2. For each business model, identify the key resources it generates (for example, financial resources, user data, highly skilled human resources, or new technologies). Place them in the second column from the left. Label that column “Resources.”

3. For each business model, identify the key capabilities that stem from it (for example, technological capabilities, sales capabilities, new product development capabilities, or communication capabilities) and place them in a “Capabilities” column, to the right of the “Resources” column.

4. Identify one or more performance measures important to your organization. These can be financial measures (such as return on equity or return on investment), market-driven measures (such as market share or number of users), or other types of measures (such as product quality). Place them in a “Performance” column on the far right.
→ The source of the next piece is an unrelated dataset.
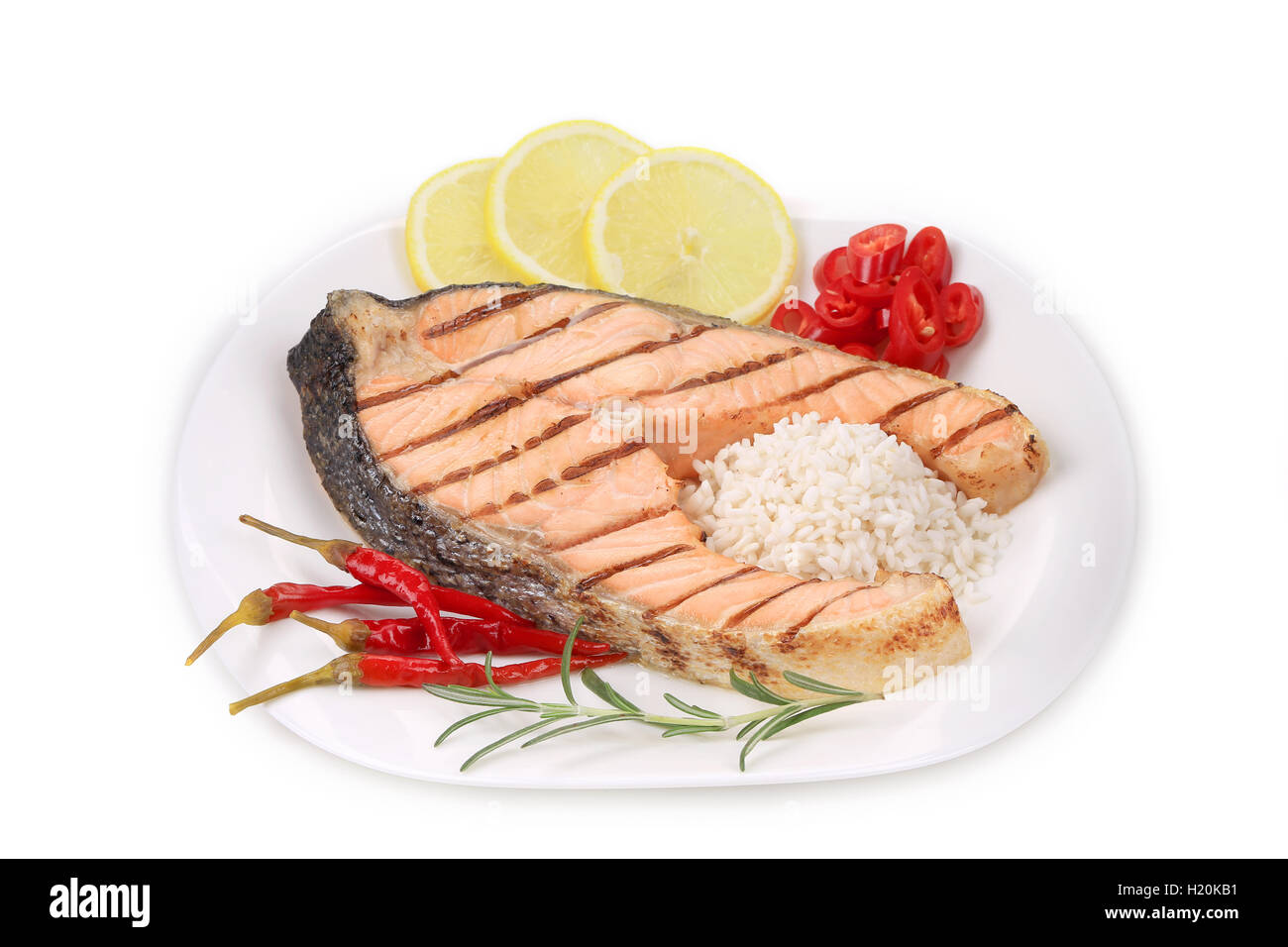 Grilled salmon steak with vegetables on plate Stock Photo - Alamy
5. Now use arrows of one color (green in the diagram above) to connect each business model to its associated resources and capabilities and, ultimately, to performance. Think about the mechanisms that underpin such relationships. You can use thicker lines to identify the most strategic ones.

6. Resources are often bundled with other resources, as are capabilities. Use arrows of another color (orange in the diagram above) to identify such relationships. For example, amassing user data creates monetization opportunities and thus increases financial resources.

7. Then analyze: Which business models produce fewer (or less valuable) resources and capabilities? Which business models (as well as their resources and capabilities) display fewer synergies with the others? How strong is their relationship to performance measures? You might want to consider how to strengthen the weakest ties, create new synergies, or — if that is not doable — possibly drop less-embedded business models to focus on the more complementary ones.

8. Business model portfolios are as dynamic as the activities they underpin. Update your model portfolio chart periodically to make sure your business model portfolio is always maximized.